F1, GP Turchia 2020: Charles Leclerc e Sebastian Vettel (Ferrari)

IL PARERE DI SIEDL Un risvolto certo inaspettato, se pensiamo alle difficoltà riscontrate a Imola solo due settimane fa, proprio in un weekend in cui AlphaTauri appariva in gran forma. Dopo il Gp Turchia invece la Ferrari si è fatta sotto a Racing Point, McLaren e Renault, risultando più vicina al terzo posto (24 punti) che non al settimo. E non è un caso che, a inserire la Scuderia nella lista delle pretendenti alla medaglia di bronzo finale, è addirittura il team principal della McLaren, Andreas Seidl. “Per noi è stato ottimo raccogliere tanti punti – ha spiegato il tedesco ex Porsche, citato dai colleghi di RaceFansperché in questo modo riusciamo a restare in lotta per una posizione importante nella classifica costruttori. Però in questo momento è chiaro che non abbiamo la terza o la quarta macchina più veloce in pista. E, considerando quello che abbiamo visto fare alla Ferrari, adesso è chiaro come la lotta sia tra quattro squadre per il terzo, quarto, quinto e sesto posto”.

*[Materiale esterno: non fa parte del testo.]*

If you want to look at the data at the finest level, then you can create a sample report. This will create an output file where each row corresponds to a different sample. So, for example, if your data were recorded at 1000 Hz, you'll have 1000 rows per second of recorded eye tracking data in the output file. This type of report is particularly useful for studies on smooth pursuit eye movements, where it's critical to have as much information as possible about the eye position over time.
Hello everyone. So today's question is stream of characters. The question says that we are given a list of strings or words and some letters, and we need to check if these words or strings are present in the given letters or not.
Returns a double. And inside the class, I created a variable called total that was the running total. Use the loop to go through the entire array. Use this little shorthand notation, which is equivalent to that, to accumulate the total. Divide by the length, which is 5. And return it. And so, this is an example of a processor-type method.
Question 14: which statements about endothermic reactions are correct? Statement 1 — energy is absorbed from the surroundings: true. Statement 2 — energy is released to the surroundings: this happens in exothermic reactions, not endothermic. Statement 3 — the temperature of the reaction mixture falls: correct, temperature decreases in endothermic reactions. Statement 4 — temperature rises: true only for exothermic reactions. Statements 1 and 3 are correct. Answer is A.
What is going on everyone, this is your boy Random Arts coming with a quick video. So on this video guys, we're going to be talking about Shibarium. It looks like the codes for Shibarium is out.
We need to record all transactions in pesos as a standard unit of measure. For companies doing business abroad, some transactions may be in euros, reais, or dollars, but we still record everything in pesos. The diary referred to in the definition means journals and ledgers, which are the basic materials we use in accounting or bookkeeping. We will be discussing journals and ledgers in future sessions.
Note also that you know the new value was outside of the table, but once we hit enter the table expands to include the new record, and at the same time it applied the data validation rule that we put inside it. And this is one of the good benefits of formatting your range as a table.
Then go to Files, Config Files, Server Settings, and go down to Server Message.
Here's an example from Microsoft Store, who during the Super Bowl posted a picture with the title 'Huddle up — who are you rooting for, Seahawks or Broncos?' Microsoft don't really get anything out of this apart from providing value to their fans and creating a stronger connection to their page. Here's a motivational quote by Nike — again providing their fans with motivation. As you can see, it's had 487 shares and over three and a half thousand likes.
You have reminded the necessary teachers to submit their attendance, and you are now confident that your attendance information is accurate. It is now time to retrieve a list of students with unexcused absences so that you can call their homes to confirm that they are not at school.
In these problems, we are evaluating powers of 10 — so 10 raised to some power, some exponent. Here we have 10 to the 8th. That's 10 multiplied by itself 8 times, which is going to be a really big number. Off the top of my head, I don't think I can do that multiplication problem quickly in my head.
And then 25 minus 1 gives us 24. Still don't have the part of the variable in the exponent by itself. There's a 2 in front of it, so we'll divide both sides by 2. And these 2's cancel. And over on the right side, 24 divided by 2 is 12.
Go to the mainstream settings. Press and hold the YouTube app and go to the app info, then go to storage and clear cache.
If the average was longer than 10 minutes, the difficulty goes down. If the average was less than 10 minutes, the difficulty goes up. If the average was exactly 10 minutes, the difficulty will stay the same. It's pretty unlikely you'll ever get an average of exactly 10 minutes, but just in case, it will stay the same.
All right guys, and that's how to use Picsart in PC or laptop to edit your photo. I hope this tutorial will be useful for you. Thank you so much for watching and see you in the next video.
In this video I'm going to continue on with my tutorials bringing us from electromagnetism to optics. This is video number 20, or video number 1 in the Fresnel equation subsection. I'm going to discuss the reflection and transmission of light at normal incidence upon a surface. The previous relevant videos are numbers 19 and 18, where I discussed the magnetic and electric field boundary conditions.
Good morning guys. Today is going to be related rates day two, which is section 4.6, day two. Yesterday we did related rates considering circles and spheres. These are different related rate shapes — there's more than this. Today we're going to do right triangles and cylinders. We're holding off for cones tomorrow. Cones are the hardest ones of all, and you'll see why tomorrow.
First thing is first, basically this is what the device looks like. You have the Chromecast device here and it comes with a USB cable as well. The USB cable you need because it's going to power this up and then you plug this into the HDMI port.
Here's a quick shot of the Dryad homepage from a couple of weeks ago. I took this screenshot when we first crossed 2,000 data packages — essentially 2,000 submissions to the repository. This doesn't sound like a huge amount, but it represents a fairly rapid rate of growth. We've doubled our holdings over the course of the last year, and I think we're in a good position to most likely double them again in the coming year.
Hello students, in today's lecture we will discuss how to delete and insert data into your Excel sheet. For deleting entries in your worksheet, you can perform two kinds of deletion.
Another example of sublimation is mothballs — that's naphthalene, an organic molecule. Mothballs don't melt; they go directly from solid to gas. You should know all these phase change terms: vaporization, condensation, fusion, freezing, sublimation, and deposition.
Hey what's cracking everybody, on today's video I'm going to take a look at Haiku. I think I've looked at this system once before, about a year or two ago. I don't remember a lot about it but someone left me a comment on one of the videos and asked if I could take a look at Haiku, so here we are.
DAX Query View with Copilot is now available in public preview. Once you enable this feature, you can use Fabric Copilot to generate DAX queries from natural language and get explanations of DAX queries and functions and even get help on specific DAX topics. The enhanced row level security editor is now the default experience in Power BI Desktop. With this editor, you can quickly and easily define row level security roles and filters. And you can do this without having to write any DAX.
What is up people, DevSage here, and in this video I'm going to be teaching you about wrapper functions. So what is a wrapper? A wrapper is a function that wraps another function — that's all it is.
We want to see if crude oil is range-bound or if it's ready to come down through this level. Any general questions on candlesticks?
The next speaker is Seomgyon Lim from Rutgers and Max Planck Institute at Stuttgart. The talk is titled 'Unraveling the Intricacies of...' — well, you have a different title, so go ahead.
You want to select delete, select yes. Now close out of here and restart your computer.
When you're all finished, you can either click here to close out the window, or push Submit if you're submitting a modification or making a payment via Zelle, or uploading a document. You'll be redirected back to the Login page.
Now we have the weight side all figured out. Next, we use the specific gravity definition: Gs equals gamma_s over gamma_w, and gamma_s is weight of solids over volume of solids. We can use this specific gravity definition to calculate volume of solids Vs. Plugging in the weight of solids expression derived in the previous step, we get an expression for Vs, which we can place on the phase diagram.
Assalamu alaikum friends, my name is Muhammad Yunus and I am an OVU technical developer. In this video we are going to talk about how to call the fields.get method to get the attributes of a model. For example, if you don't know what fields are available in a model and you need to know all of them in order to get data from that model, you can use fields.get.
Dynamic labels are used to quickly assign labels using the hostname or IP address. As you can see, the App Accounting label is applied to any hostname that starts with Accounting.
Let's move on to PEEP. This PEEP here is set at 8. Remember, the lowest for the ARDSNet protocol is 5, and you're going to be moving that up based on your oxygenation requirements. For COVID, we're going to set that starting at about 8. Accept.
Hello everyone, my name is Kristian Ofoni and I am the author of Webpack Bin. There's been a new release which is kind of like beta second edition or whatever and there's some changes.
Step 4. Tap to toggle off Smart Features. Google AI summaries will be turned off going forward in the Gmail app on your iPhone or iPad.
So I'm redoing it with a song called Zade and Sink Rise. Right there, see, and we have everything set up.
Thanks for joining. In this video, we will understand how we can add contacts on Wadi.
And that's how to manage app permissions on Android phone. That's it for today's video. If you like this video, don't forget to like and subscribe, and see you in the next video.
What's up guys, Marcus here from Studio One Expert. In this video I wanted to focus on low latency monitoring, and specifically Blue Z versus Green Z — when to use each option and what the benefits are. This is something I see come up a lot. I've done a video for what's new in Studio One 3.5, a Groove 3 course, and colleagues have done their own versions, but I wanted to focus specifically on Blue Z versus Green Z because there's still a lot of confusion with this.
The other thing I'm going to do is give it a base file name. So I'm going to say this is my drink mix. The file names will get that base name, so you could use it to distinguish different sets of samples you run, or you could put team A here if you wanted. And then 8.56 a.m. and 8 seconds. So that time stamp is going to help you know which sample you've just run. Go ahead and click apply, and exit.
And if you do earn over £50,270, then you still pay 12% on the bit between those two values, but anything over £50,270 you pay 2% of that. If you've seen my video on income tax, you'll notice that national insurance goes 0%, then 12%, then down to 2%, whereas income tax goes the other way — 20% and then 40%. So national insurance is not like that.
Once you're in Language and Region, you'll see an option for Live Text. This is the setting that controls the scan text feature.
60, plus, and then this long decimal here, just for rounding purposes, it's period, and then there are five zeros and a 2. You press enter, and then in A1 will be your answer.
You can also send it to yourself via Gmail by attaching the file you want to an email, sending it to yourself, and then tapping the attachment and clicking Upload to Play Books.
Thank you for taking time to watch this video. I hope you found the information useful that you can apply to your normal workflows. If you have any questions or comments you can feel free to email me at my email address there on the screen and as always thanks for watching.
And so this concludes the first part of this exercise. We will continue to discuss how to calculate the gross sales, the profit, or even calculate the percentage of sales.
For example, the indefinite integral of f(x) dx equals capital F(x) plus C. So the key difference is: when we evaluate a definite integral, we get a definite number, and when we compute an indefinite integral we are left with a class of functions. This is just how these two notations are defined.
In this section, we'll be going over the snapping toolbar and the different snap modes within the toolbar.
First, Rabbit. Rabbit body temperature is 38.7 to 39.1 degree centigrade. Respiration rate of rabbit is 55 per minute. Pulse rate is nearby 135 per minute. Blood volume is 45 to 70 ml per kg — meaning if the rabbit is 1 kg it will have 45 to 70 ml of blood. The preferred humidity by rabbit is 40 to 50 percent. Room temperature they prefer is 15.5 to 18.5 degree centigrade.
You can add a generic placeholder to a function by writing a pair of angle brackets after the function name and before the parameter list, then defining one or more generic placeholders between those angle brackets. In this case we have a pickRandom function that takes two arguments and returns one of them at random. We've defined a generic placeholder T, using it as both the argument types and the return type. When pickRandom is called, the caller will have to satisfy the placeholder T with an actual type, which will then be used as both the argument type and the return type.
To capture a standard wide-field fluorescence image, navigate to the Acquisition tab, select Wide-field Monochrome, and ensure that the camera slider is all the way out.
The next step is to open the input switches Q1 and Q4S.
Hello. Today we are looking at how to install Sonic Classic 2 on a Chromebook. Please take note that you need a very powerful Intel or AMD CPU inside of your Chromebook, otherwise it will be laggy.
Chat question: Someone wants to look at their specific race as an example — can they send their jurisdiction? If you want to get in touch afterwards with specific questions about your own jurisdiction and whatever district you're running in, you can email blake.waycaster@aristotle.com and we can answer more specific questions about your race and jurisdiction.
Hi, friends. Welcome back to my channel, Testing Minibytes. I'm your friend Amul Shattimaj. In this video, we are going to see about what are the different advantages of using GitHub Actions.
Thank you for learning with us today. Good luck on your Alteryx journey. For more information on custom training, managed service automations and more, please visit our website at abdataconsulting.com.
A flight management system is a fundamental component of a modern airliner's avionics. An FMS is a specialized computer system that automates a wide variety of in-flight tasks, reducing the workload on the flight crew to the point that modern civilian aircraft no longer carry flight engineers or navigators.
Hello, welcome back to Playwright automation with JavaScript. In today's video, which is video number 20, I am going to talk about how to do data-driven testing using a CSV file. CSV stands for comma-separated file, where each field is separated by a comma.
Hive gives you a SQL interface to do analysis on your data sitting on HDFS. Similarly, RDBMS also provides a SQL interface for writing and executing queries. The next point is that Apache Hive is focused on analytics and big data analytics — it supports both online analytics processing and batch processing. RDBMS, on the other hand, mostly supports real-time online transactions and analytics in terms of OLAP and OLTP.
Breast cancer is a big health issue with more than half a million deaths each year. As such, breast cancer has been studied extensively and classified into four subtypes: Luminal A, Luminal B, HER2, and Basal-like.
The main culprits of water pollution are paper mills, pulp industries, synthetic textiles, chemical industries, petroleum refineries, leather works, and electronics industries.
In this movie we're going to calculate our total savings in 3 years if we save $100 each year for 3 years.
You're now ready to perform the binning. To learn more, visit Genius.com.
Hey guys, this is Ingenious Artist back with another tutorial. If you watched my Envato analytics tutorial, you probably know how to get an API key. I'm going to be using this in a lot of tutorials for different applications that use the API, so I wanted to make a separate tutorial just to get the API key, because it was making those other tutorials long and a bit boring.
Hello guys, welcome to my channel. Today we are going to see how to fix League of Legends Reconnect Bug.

F1, il team principal della McLaren, Andreas Seidl

REALISMO TEDESCO Il boss del team di Woking ha poi chiarito di non fare pretattica ma che, al contrario, il Cavallino rampante abbia conquistato sul campo il diritto di sedersi al tavolo della partita per il terzo posto: “Non è che sono preoccupato, è semplicemente realismo. Non possiamo essere sorpresi che un team come la Ferrari, con le risorse che ha a disposizione, sia cresciuto nel corso della stagione. Non li abbiamo mai sottovalutati, hanno due grandi piloti e ovviamente una grande struttura. Quindi il fatto che siano in lotta per il terzo posto non può che essere una realtà. Noi dobbiamo concentrarci su noi stessi ed estrarre il massimo da quello che abbiamo. La nostra macchina è competitiva, un gran bello step in avanti rispetto allo scorso anno ma, allo stesso tempo, i nostri rivali sono tutti molto forti. Speriamo di poter restare in partita fino all’ultima gara”.